AMP I.4 – The Common Emitter Amplifier

Introduction:

We will start our study of BJT amplifiers with the Common Emitter amplifier, commonly abbreviated as the CE amplifier. This configuration is probably the most common of all BJT amplifiers, and the one you will see most often, in one form or another, in the ham literature. Understanding the CE amplifier already gives you a powerful reference when analyzing circuits.

Our goal here is to understand what each component in this classical circuit is used for, and what are the characteristics of the amplifier. More specifically, we will derive voltage gain, current gain, input resistance, and output resistance.

AC Coupling

Let’s take a closer look at the schematic, as there are plenty of interesting things going on here.

First, notice how the input signal $V_i_n$ isn’t applied directly to the base, but instead passes through capacitor $C_i_n$ first. Recall that a capacitor acts like a short for AC signals, but like an open circuit for DC. This allows our input signal to pass through the capacitor while stopping DC voltage from our power supply from leaking out. This is called AC coupling the input.

Biasing the Transistor

We know that a transistor requires a power supply to work. Here, this power supply is modeled with $V_c_c$ . But what are $R_1$ and $R_2$ used for? Wouldn’t the circuit work without them? Well no, or more exactly, not all the time. As we explained in our chapter on BJTs, the Base-Emitter junction of NPN transistors need to be forward biased for the transistor to conduct. Knowing this, if we want our amplifier to amplify signals all the time, the BE junction needs to be forward biased all the time. This means that we must have $V_b_e > 0.7 V$ all the time. If we only apply $V_i_n$ at the base without anything else, then we would have $V_i_n = V_b$ . But $V_i_n$ is a pure AC signal with no DC offset (the capacitor gets rid of any DC offset if present), it will swing between two values, one positive and one negative.

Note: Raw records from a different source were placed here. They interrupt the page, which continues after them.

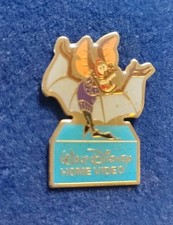  PIN'S  DISNEY  /  WALT DISNEY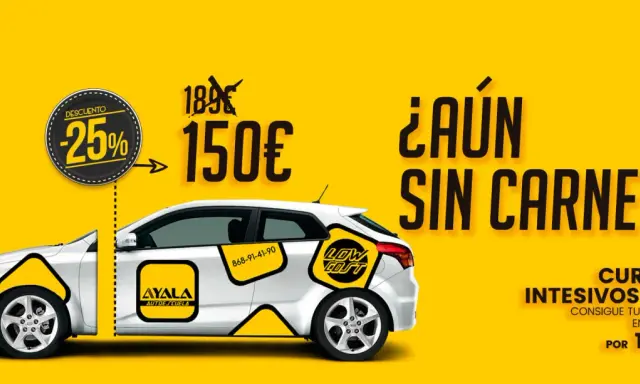 Coche blanco con publicidad de autoescuela. Oferta de curso intensivo por 150€, ¡consigue tu carnet en 8 días!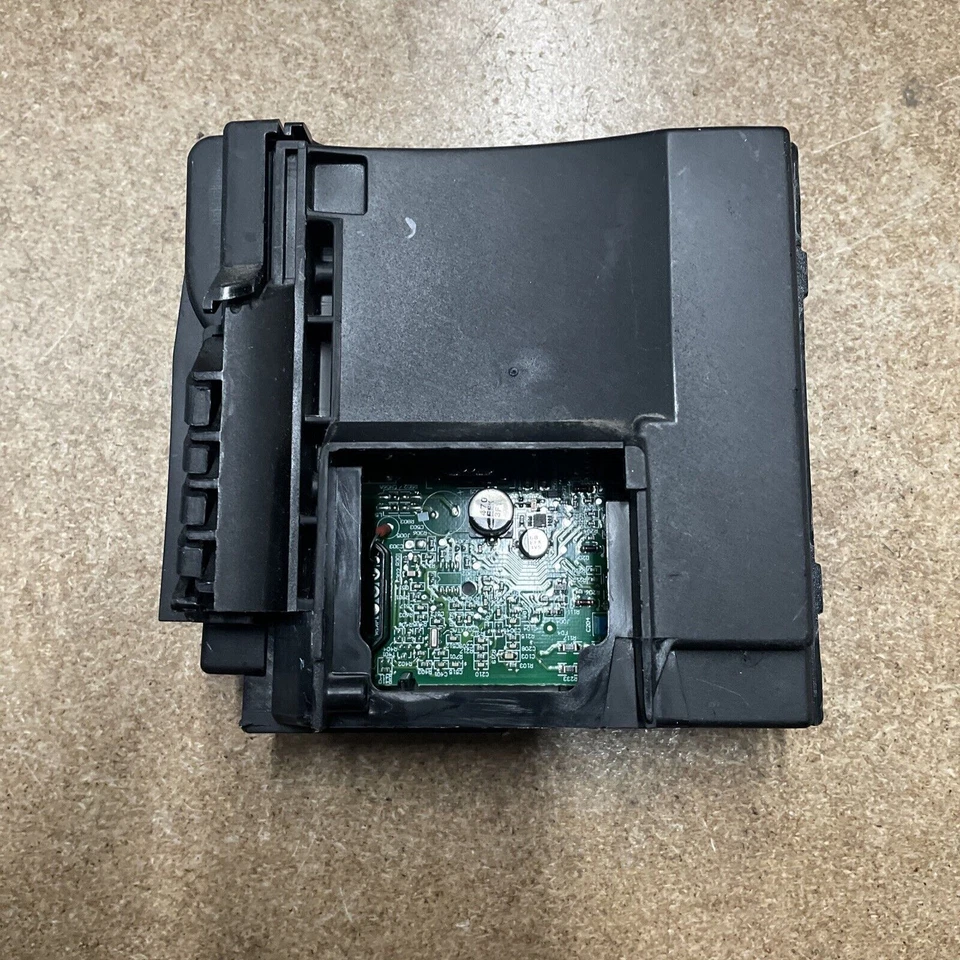 Unidad de control de refrigerador Whirlpool - Parte # VCC3 1156 22 F 73 | KM1530 Foto 2 de 3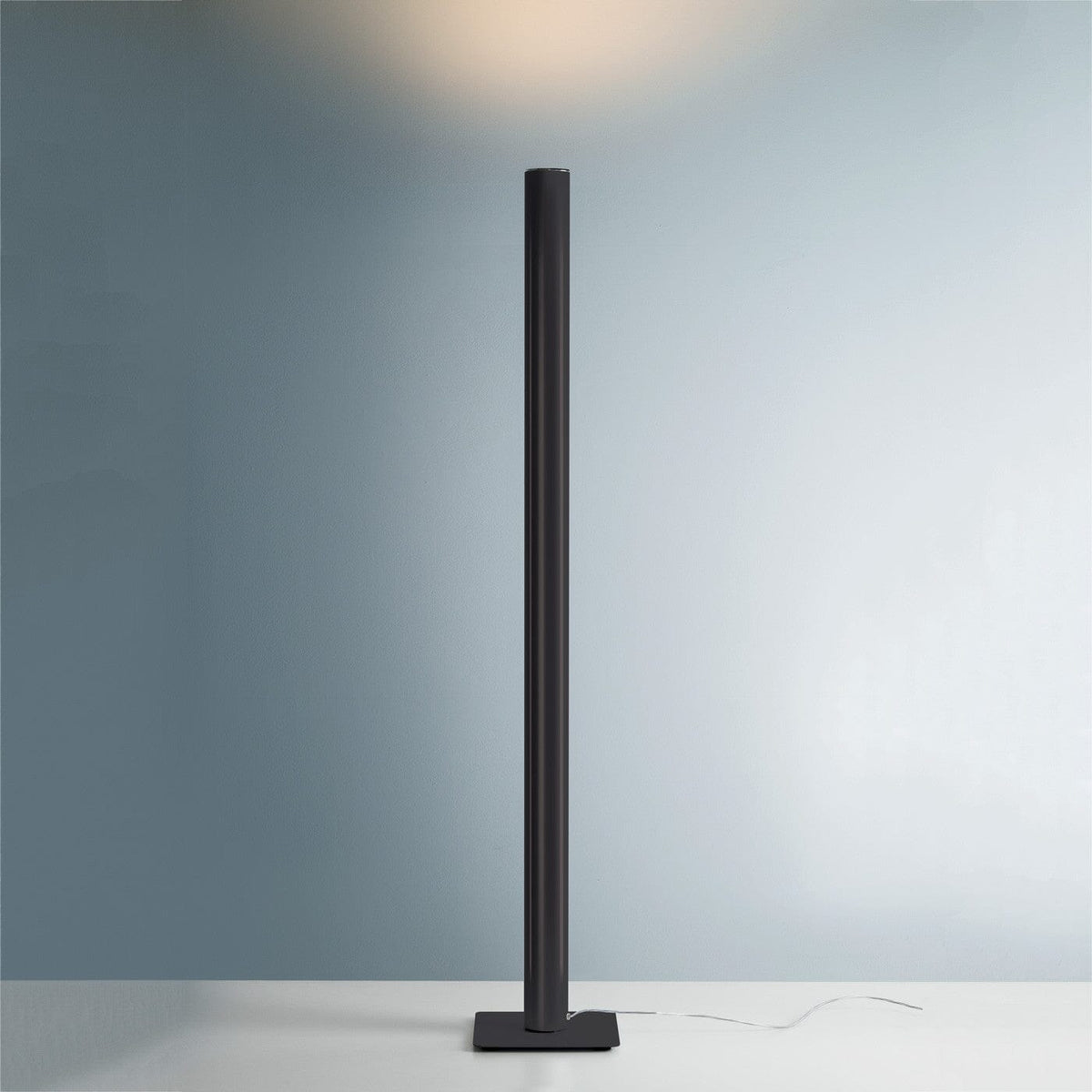 Ilio 45W LED Floor Light 120V Floor Lamp Floor Lamps Artemide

This will cause our transistor to turn off when $V_b_e = V_i_n < 0.7 V$ . Our output signal will be heavily distorted.

However, if we add some DC offset to the base voltage, such that even with the swing of our input voltage $V_b_e > 0.7 V$ all the time, then we can guarantee that our transistor will be always on. This is called biasing the transistor. There are several methods to do this, but the most common is the one shown in the full schematic. Here, biasing is done with a voltage divider created by $R_1$ and $R_2$ . This gives the transistor a bias voltage approximately equal to:

$V_B = \frac{R_2}{(R_1 + R_2)} \times V_C_C$

Why approximately? The voltage divider formula is only valid if no current is lost between the two resistances. Here, not all the current flows through $R_1$ and $R_2$ . Indeed, a small amount of current is sent through the Base-Emitter junction. The formula is thus not valid and will not give the exact bias voltage. However, since the base current is very small, the formula will still give a reasonably accurate value that we can exploit.

The exact voltage chosen for biasing depends on the transistor’s characteristics. We will see how in the following paragraphs.

The Quiescent Point

What is the Q-Point?

With biasing, even without any input signal the transistor still conducts. There is voltage at the base, and there is current flowing through the transistor. This point of operation is called the quiescent point, or Q-point. The collector current at this point is called the quiescent current $I_C_Q$ . There is a clear way to graphically exploit this point. Let’s take a look at our transistor’s collector characteristic curves, which gives us the relationship $I_C=f(V_C_E)$ . A simplified version of these curves is found below:

Graphical Determination of the Q-Point

Let’s place our quiescent point on these curves. Going back to our schematic, a Kirchoff’s Voltage Law loop from $V_C_C$ to ground gives us:

(1) $\begin{equation*} V_C_C - R_C \times I_C - V_C_E - R_E \times I_E = 0 \end{equation*}$

We can approximate $I_C \approx I_E$ . Indeed, since $I_E = I_C + I_B$ , with $I_B << I_C$ , this approximation is accurate enough. Remember that $I_C = \beta \times I_B$ , with common values of $\beta$ being in the 100-300 range.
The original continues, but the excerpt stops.